2-3.年に5日まで、1日または時間単位で取得できる
介護休暇で取得できる日数*4
事業主が特に定めていない場合は、毎年4月1日から翌年3月31日を1年間としていますが、会社によって異なる場合があるため事前に確認しておきましょう。
介護休暇の取得単位*4
時間単位での取得が困難と考えられる仕事に就く労働者で、時間単位での取得を除外する労使協定を締結している場合は、1日単位のみでの取得が可能となります。
【時間単位での取得が困難と考えられる仕事に就く労働者の例】*5
- 国際路線などの航空機に搭乗する客室乗務員など
- 長時間の移動を要する遠隔地で行う業務に就く労働者
- 流れ作業方式や交代制勤務による業務に就く労働者
以前は、半日単位での取得のみでしたが、育児・介護休業法の改正により、2021年1月1日から時間単位での取得が可能となりました*3。育児・介護休業法では「中抜け」なしの時間単位休暇としていますが、法を上回る制度として、「中抜け」ありの休暇取得を認めるよう、厚生労働省では事業主に配慮を求めています。
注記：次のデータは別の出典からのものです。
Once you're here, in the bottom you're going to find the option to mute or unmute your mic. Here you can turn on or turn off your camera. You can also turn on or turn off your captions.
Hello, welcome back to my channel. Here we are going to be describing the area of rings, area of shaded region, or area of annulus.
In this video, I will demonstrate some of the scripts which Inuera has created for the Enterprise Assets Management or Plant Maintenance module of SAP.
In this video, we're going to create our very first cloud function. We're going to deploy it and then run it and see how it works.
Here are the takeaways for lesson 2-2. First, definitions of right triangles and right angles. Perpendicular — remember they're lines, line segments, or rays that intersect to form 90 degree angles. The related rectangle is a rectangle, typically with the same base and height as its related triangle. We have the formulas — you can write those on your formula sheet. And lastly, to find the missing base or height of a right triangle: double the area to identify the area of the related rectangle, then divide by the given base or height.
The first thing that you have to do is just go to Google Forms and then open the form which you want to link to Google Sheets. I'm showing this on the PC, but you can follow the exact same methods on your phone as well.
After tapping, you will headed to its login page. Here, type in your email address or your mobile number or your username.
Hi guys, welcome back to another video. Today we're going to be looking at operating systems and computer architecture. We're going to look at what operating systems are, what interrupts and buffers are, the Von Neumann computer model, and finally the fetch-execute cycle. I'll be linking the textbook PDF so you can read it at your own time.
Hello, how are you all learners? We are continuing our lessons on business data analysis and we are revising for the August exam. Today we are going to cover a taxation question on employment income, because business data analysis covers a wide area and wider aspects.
2-4.口頭での申し出も可能で、当日の申し出でもOK
介護休暇の申し出は、書面で提出しなくても、口頭の申し出で取得することが可能です。また、取得したい当日に取得することも可能と規定されています。
有給休暇などの取得と同様に、社内で規定されている書式などがある場合は、社内の就業規則に従って処理されるため、会社の担当部署や担当者に確認しましょう。
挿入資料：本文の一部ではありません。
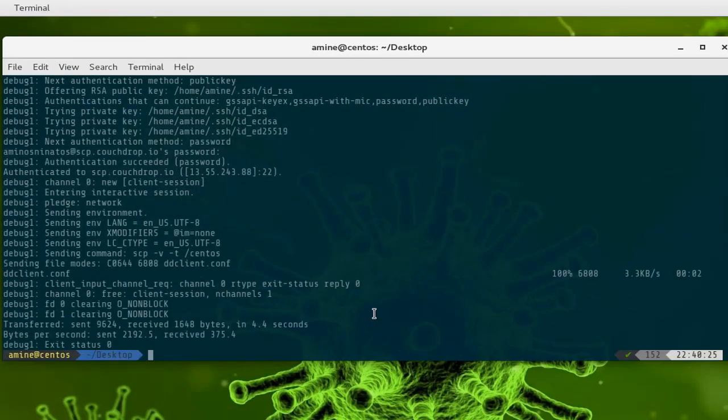That was a brief introduction to how you can use the SCP command in Linux. I hope it has been informative for you. Thank you for viewing — bye bye.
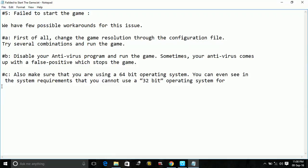So that's all. These are the 3 steps which are required to fix the problem of NBA 2K17 failing to start.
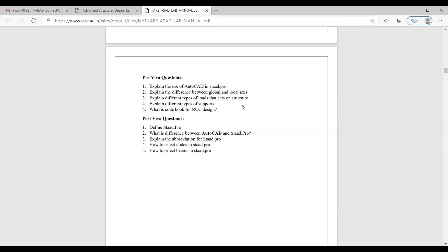What are the different types of supports? You already know — fixed support, pin support, roller support, and some other supports are also there. What is the code book for RCC design? You already know — IS 456.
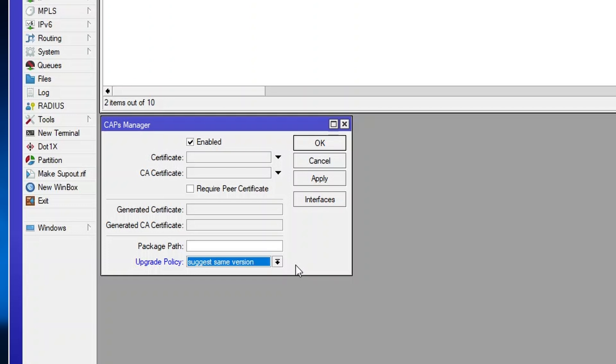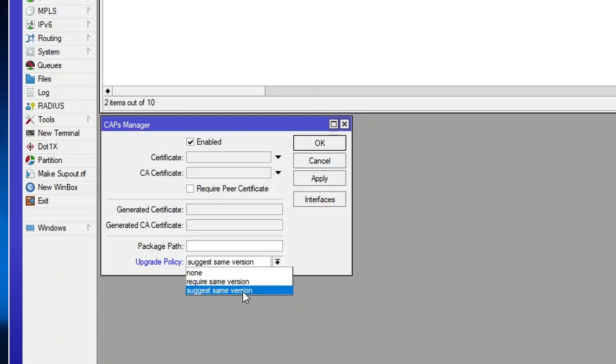With the require same version, cap won't get automatically provisioned, but you still have the option to do it manually.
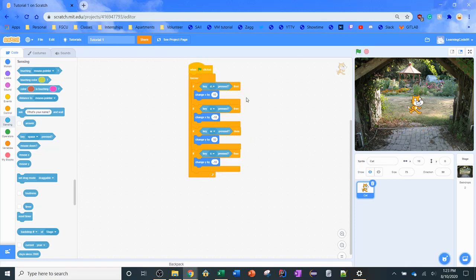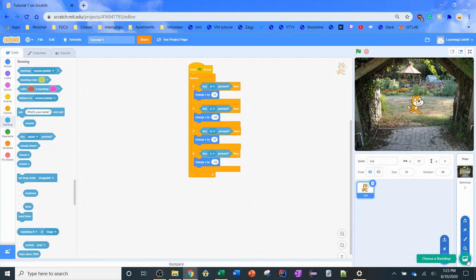So that's going to be it for this video. We looked at how to make our sprite move around, how to add sprites, choosing different ones, choosing different backgrounds, and making arrow keys move your sprite around the screen.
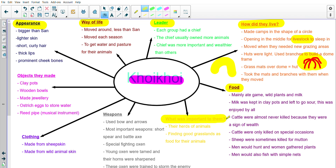What was important to them? Their herds of animals were really important because it was their sign of wealth — like their money. Finding good grassland as food for their animals was also important, so they would move around just for the animals. They had different types of weapons: like the San people they used bows and arrows, but their most important weapons were a short spear and a battle axe. They had special fighting oxen whose horns were sharpened when young and who were trained to storm in on their enemies.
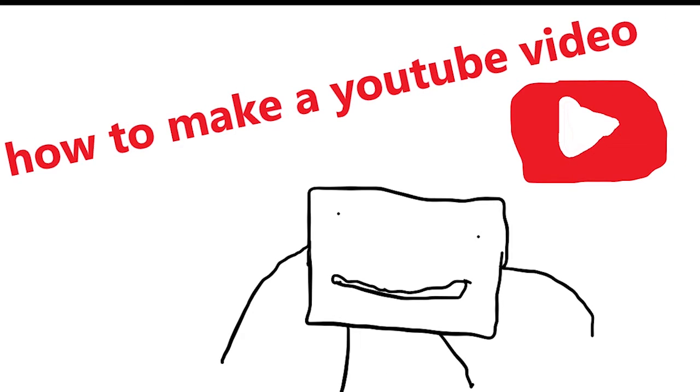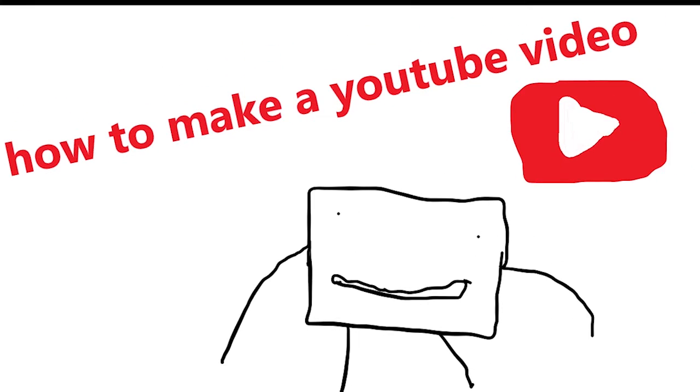Welcome back to another video. Today, we are going to be going over how to make a YouTube video.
3.介護休暇中の給与は無給であることが多く、給付金もない
育児・介護休業法では介護休暇中の賃金の支払いについて定められておらず、会社の就業規則によって異なりますが、無給である企業が多くなっています。大企業などは、就業規則により、通常の有給休暇と同様に介護休暇も有給としているところもあります。お勤めの会社の担当部署や担当者に確認してみましょう。
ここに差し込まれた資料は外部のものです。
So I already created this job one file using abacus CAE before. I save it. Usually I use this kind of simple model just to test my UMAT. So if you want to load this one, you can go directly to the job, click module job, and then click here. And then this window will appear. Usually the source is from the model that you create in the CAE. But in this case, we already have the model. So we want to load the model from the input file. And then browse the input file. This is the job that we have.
また、介護休暇でもらえる公的な給付金はありません。原則、介護休暇は賃金の発生しないお休みとなるため、よく考えて有給休暇などと使い分けすることをおすすめします。有給休暇を使い切っている場合や、使うのがもったいない場合などに利用すると良いでしょう。
4. 介護休暇と介護休業の違い
4-1.取得できる日数が介護休暇は年に5日、介護休業は通算93日である
介護休暇と同様に、仕事と介護の両立を支援する制度として「介護休業」*6があります。両者の違いについて解説します。
介護休業 | 介護休暇 | |
利用できる人 | 要介護状態にある対象家族を介護する労働者 | |
対象となる家族の範囲 | 配偶者、父母、子、配偶者の父母、祖父母、兄弟姉妹、孫 | |
手続き | 原則、2週間前までに勤め先に書面で申し出る | 当日の申し出も可能 |
日数 | 対象家族1人につき通算93日まで、3回を上限として分割取得可能 | 1年に5日まで(対象家族が2人以上の場合は10日まで)。1日または時間単位で取得可能 |
大きな違いは取得できる日数で、介護休暇が年に5日(対象家族が2人以上の場合は10日)の取得であるのに対し、介護休業は対象家族1人につき、通算93日まで3回を上限として分割での取得が可能となっています。
取得手続きの違いもあり、介護休暇は当日の申し出もOKですが、介護休業は原則、2週間前までに書面で申し出ると規定されています。
介護休業・介護休暇ともに、国家公務員や地方公務員も育児・介護休業法で「公務員に関する特例」として定められており、介護のための休暇を取得することが可能*7です。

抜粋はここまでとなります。